Bien sûr, on dira - c'est ce que proclament les souverainistes - que cet appui massif au Parti libéral n'est dû qu'au désir de se débarrasser du gouvernement Harper.

Il n'y a pas de doute que ce facteur a puissamment joué dans la victoire libérale, mais soyons sérieux. Si les Québécois avaient éprouvé de l'aversion envers Justin Trudeau, ils n'auraient pas été aussi nombreux à voter pour ses candidats. Si les Québécois avaient été aussi hostiles au Parti libéral qu'à l'époque du scandale des commandites, ils n'auraient pas voté libéral. Ils auraient une fois de plus effectué un vote de protestation et seraient retournés dans les girons familiers du Bloc ou du NPD, ou ils auraient annulé leur vote. Mais rien n'indique que les Québécois ont voté en se pinçant le nez.

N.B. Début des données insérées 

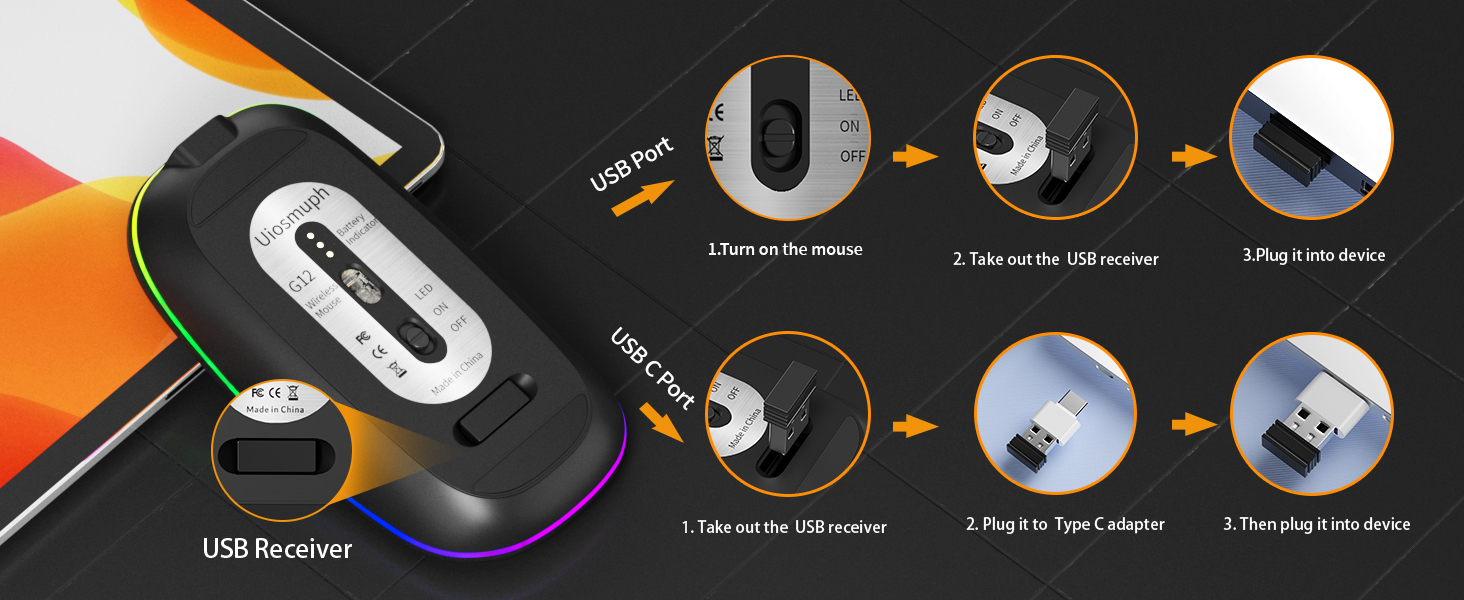 led wireless mouse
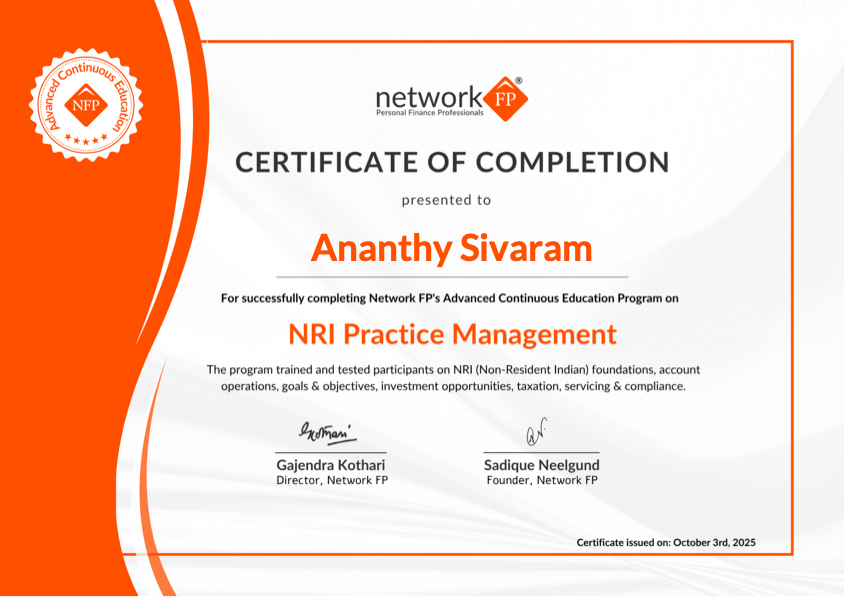 NRI Financial Planning Certificate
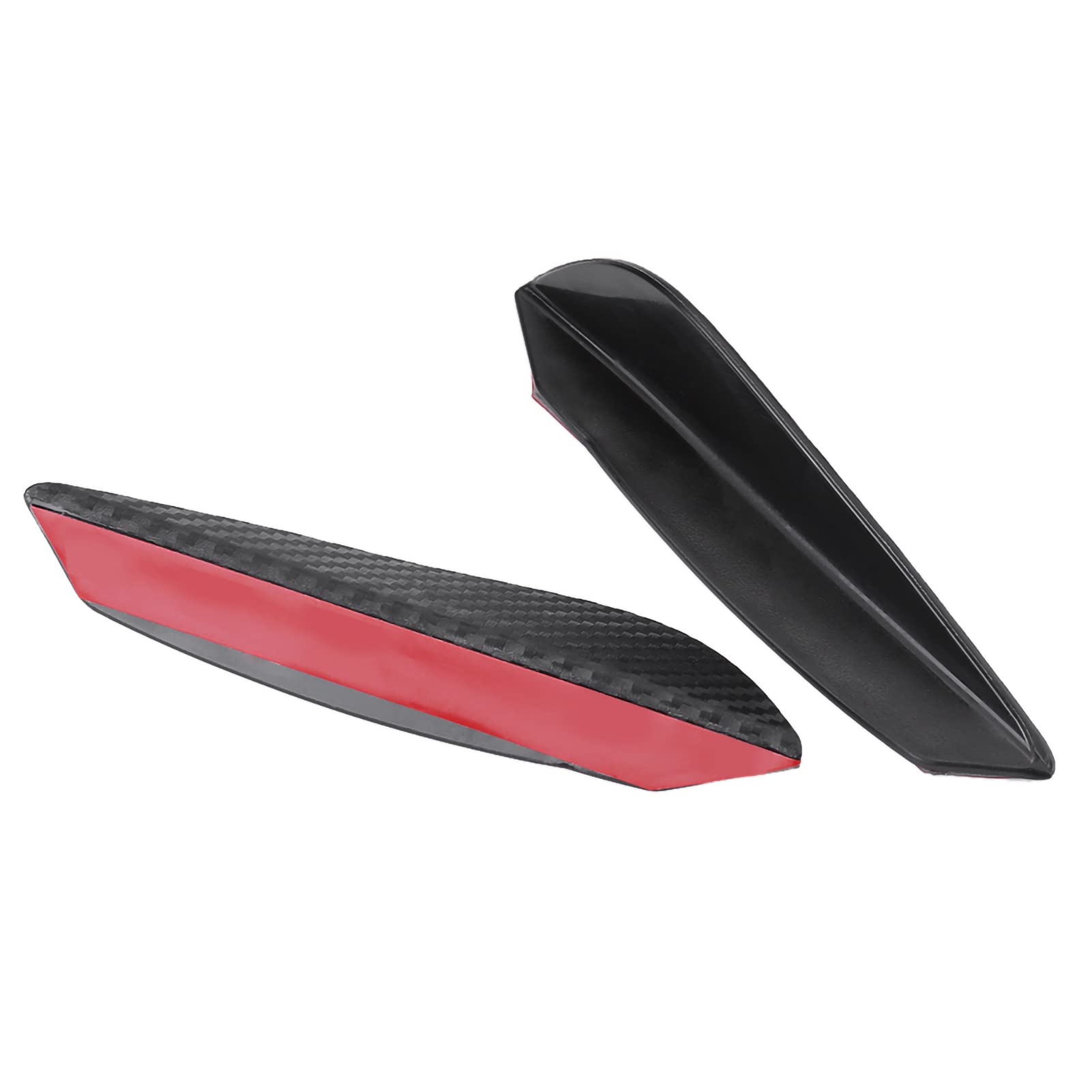 Vordere Stoßfänger Lippe, 4pcs Universal ABS Carbon Faserauto Vordere Stoßfangen Lippenspoiler Canards Trim Kit, Spoiler Canards Trim Kit Vordere Stoßfänger Lippe, 4pcs Universal ABS Carbon Faserauto Vordere Stoßfangen Lippenspoiler Canards Trim Kit, Spoiler Canards Trim Kit von CHICIRIS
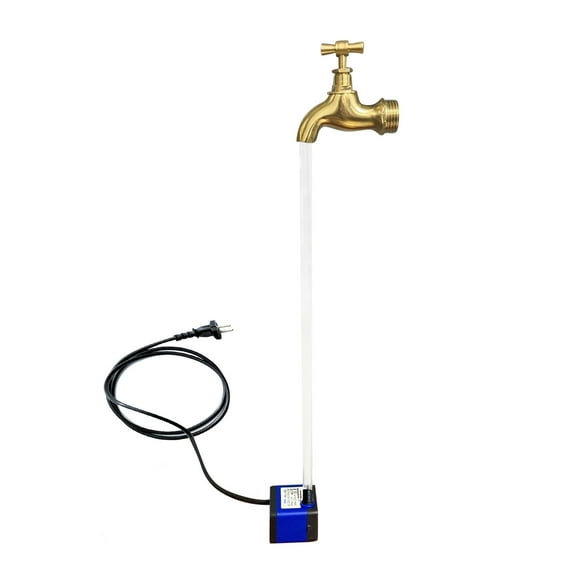 Invisible Watering Can Fountain, Metal, Easy Setup, Submersible Pump Included, for Home,Garden Decorative Water Feature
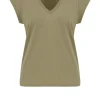 Bloezen & Tops<CC Hart T-Shirt Met V-Hals Vera | Groente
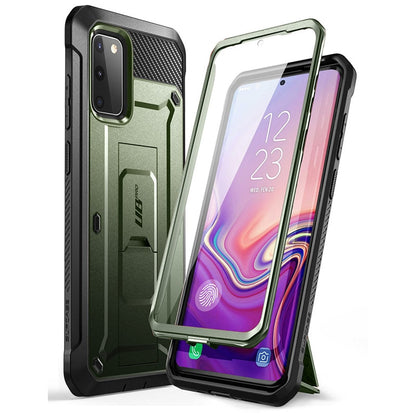 Samsung Galaxy S20 FE Case (2020 Release) UB Pro Full-Body Holster Cover WITH Built-in Screen Protector &amp; Kickstand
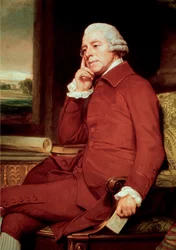 Retrato de John Stanley compositor británico. Detalle. Pintura de George Romney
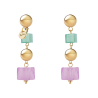 SODINI Kaaba Multicolor 832117W Double Cube and Ball Earrings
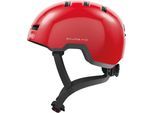Fahrradhelm ABUS "Skurb Kid" Gr. M, rot, Helme, M Kopfumfang: 50cm - 55cm, glänzend, unifarben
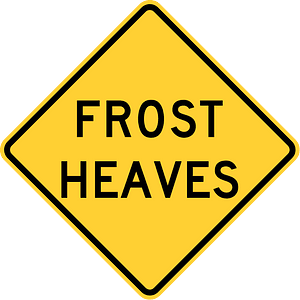 Frost heaves, Idaho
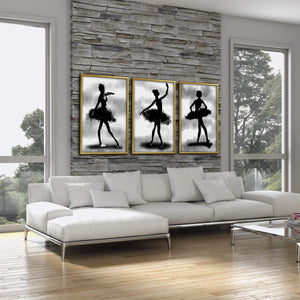 Shadow Dancers Canvas Art Clock Canvas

En fait, 80 % d'entre eux ont opté pour des partis fédéralistes. Même les conservateurs, constamment vilipendés par les artistes, les humoristes et autres faiseurs d'opinion comme si leur chef était le diable en personne, ont réussi à plus que doubler leur récolte de 2011, passant de 5 à 12 députés (deux de plus que le Bloc), et s'attirant trois fois plus d'appuis qu'il y a quatre ans !

Ces résultats n'augurent rien de bon pour le Parti québécois, qui a lié son nom à l'aventure ratée de Gilles Duceppe.

Après avoir eu l'intuition (fort juste) que le Bloc n'avait plus de raison d'être, Pierre Karl Péladeau a cédé à la tradition péquiste et changé son fusil d'épaule. Il a chaudement appuyé M. Duceppe à diverses étapes de la campagne, pendant que le Bloc bénéficiait une fois de plus de l'aide logistique du PQ... qui se retrouve aujourd'hui dans le camp des perdants.

Le Québec reprendra bientôt sa place autour de la table du conseil des ministres. Aux incontournables Stéphane Dion et Marc Garneau s'ajoutent de nouvelles recrues comme Marc Miller, Diane Lebouthillier ou Mélanie Joly, sans compter le premier ministre lui-même. La donne politique vient de changer du tout au tout.